Thursday, June 28 (FX)
Series Debut: The promotional ramp-up to Charlie Sheen’s post-“Winning” TV comeback suggests an edgier, cable-ier brand of comedy than Two & a Half Men, his previous gig on the other side of that napalmed bridge. Nope: Anger Management is another multicamera, laugh-tracked sitcom loaded with set-’em-up/knock’em-down one-liners—hell, his character is even named “Charlie” again. Thing is, he’s still damned good at it, and the first two episodes are at least funnier than most of last season’s Sheen-less Two & a Half Men with Ashton Kutcher. Sitcom vet Shawnee Smith, playing the ex-wife to Sheen’s failed-baseball-player-turned-anger-management-therapist, is as skilled a straight man as Men’s Jon Cryer, and Selma Blair brings some damaged weirdness as Charlie’s own therapist/girlfriend. Anger Management doesn’t fit with the network’s comedy brand, and it’s certainly not going to win over any Sheen-haters—so maybe it is subversive. Pretty sneaky, FX.

Thursday, June 28 (FX)
Season Premiere: Back in the regular world of FX comedy, Louie is back for a third season of grainy film, painful laughs and a tidal wave of critical praise that would likely paralyze any writer/director/star who actually paid attention to it (The Only TV Column That Matters™ will be amazed if Lena Dunham completes a second season of Girls without suffering a nervous breakdown or TMZ dossier). Fortunately, Louis C.K. is staying true to his vision of storytelling comedy with little-to-no continuity from one year (or episode) to the next.
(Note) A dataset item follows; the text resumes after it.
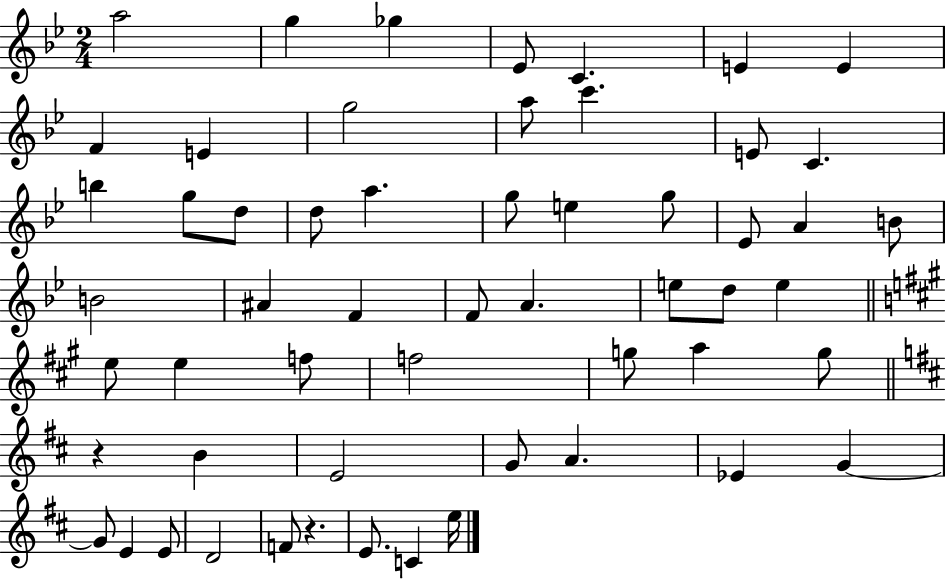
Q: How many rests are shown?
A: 2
In tonight’s “Something is Wrong,” after the season premiere of Wilfred, Louie has a new, if momentary, girlfriend (Gaby Hoffmann) and a midlife death wish (you’d think Louis C.K. on a motorcycle would be hilarious, but he looks almost Sons of Anarchy-ready on a hog … almost).

Thursday, June 28 (FX)
Series Debut: Since “Russell Brand’s observational humor is extremely topical,” Brand X will be taped a couple days before air and not available for preview. No need: Brand’s irritating man-child shtick was moderately amusing in Forgetting Sarah Marshall and Get Him to the Greek, but that’s it—he’s proven in everything since that his “humor” ain’t ready for primetime. As the saying goes, the greatest trick the devil ever pulled was convincing the world that Russell Brand is funny.

Sunday, July 1 (Showtime)
Season Premiere: Long before Dawson’s Creek’s James Van Der Beek landed the role of James Van Der Beek on Don’t Trust the B in Apt. 23, Friends’ Matt LeBlanc was killing it as Matt LeBlanc on Episodes. He’s even better in Season 2—don’t miss it.